BEGIN

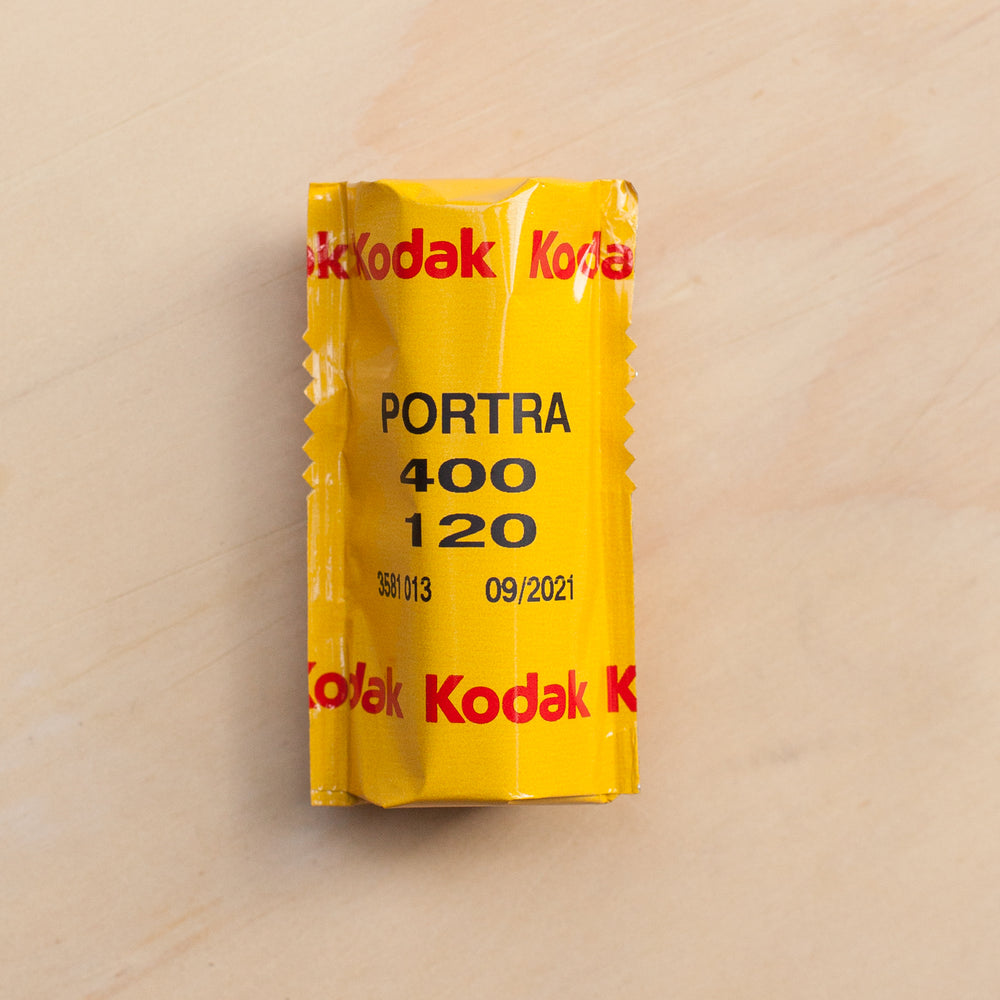 Kodak Portra 400 — 120 – Hillvale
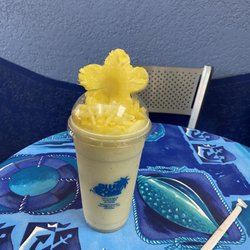 Blue Ocean Smoothies - Coconut smoothie with mango and pineapple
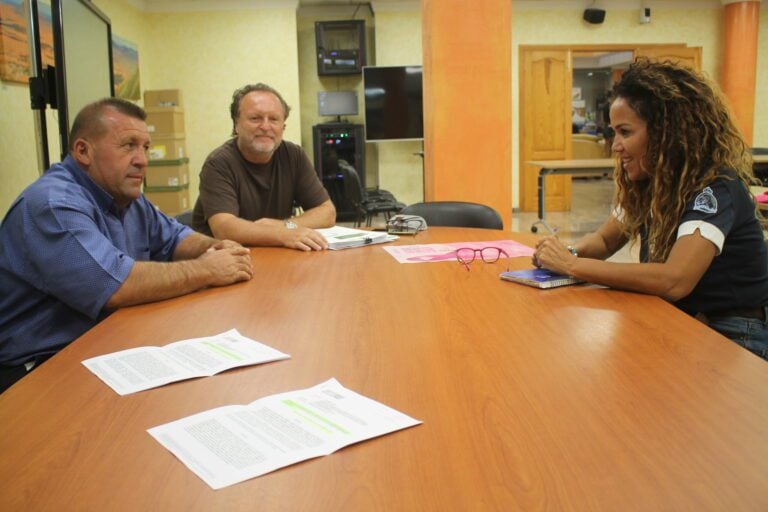 Antigua trabaja en la mejora de la accesibilidad en viales y accesos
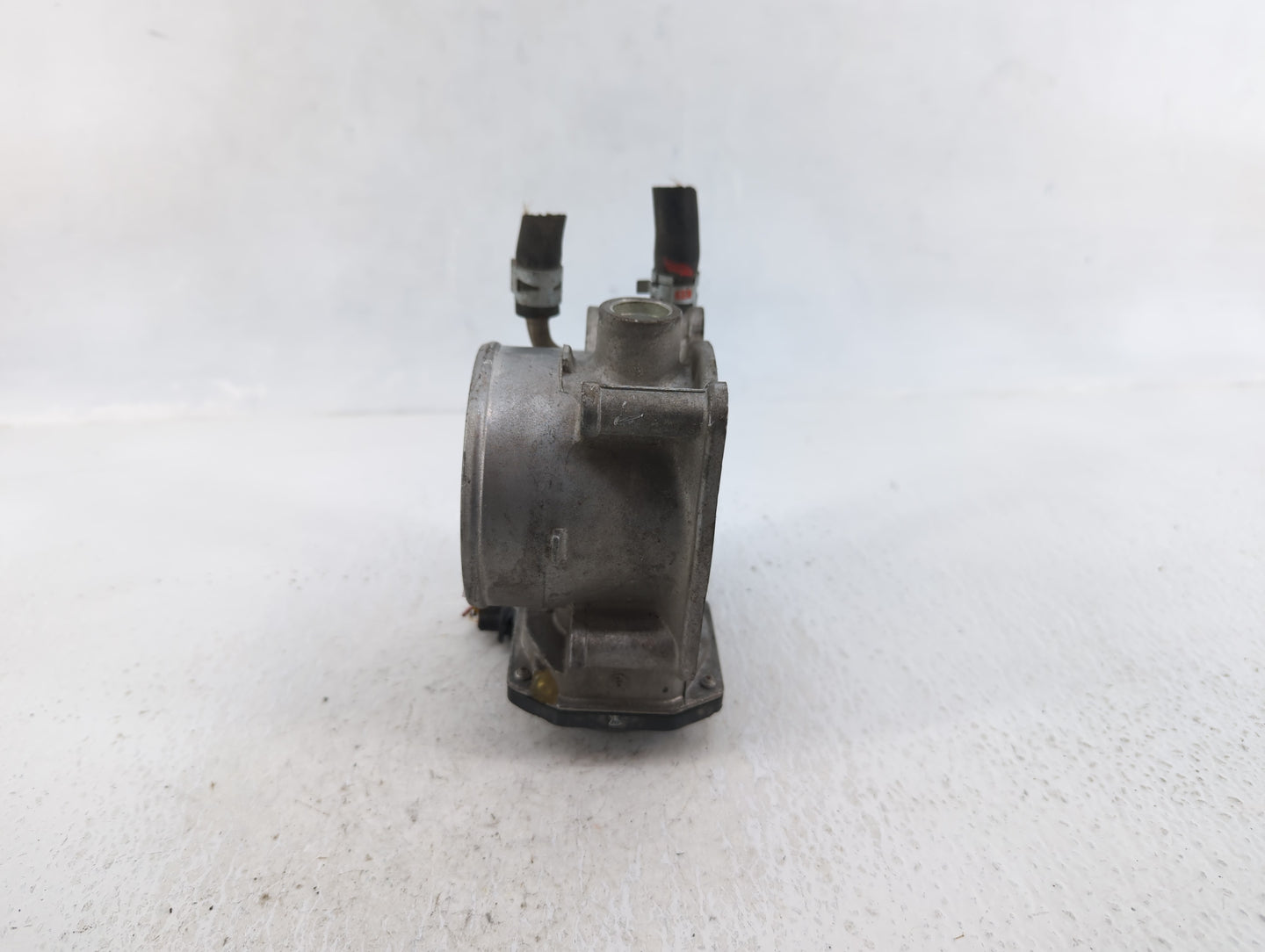 2007-2015 Lexus Rx350 Throttle Body P/N:22030-0P050 Fits OEM Used Auto Parts - Oemusedautoparts1.com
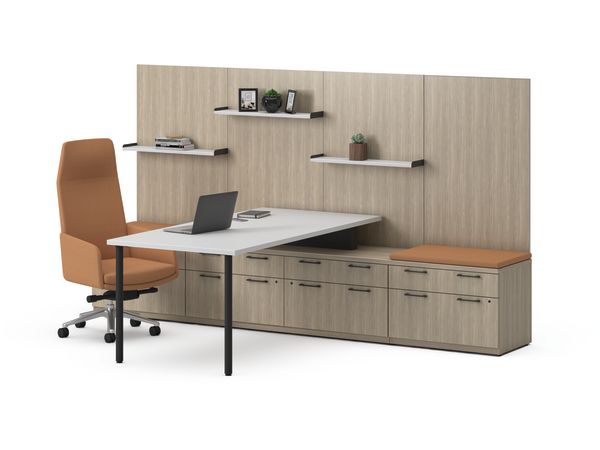 Concinnity Desking with Workwall Tiles and Mav Seating.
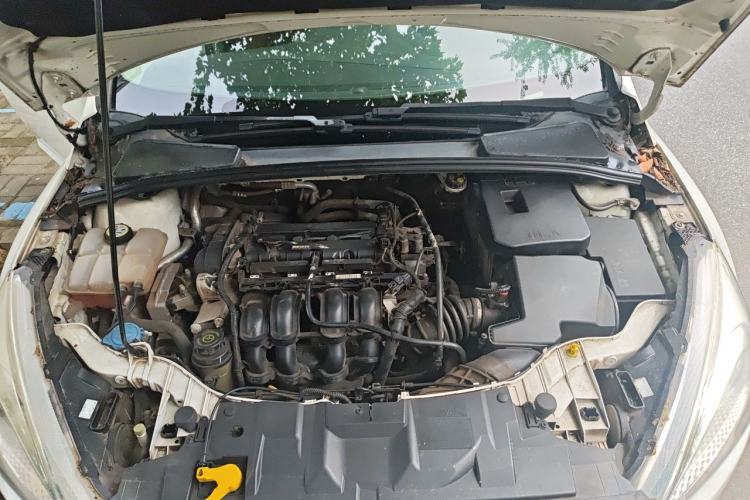 Used Audi A6L 2010 2.0 TFSI Automatic Standard Edition Engine Bay
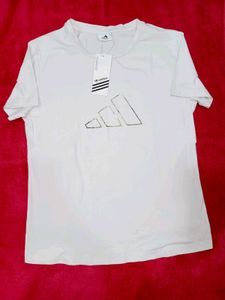 White Comfortable Tshirts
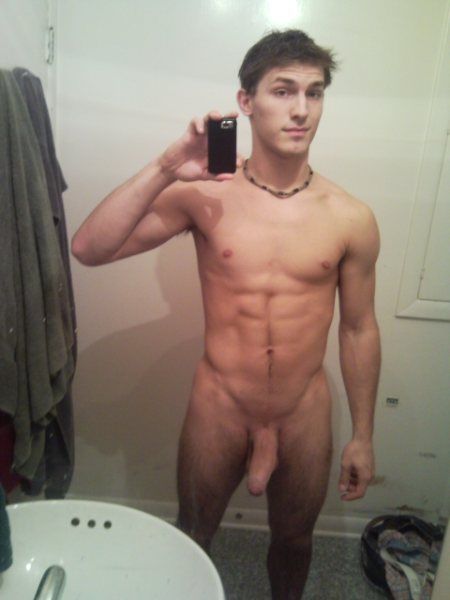 male body nude selfies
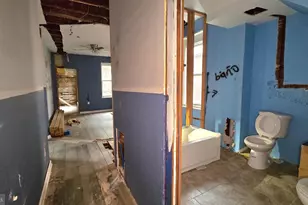 902 S 47th St, Philadelphia, PA 19143 - Photo 37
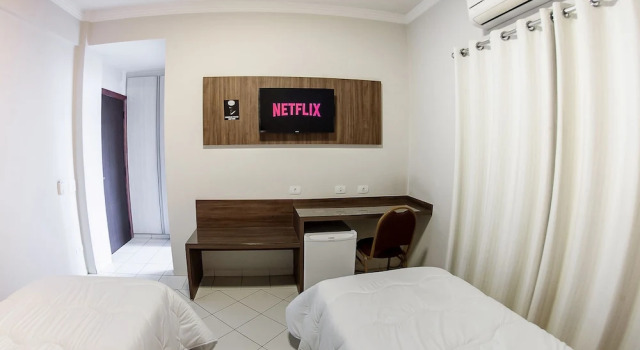 Двухместный номер Deluxe London Hotel Londrina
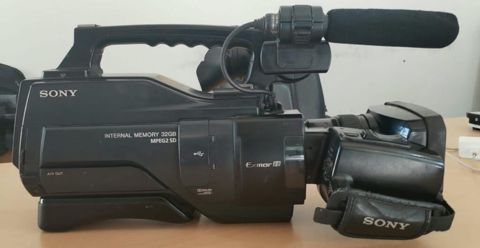 Sony peşəkar kamerasi Xüsusiyyətlər: - Exmor R sensor texnologiyası - — Goranboy
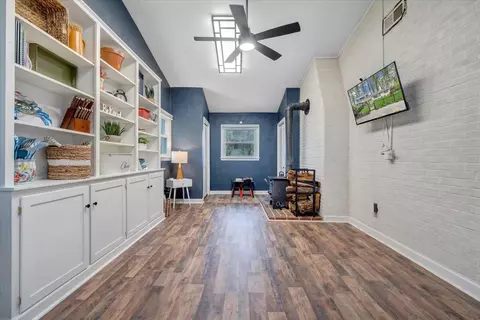 Entry Way - 3522 Pinevale Rd, Roanoke, VA 24018 photo 3 of 9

END

▶ **Exercise requirements**
Omitting all pictures, retype exactly the lines from the line containing "Sony peşəkar kamerasi" down to the last line above, both ends included.

▶ **Solution to the exercise**
 Sony peşəkar kamerasi Xüsusiyyətlər: - Exmor R sensor texnologiyası - — Goranboy
 Entry Way - 3522 Pinevale Rd, Roanoke, VA 24018 photo 3 of 9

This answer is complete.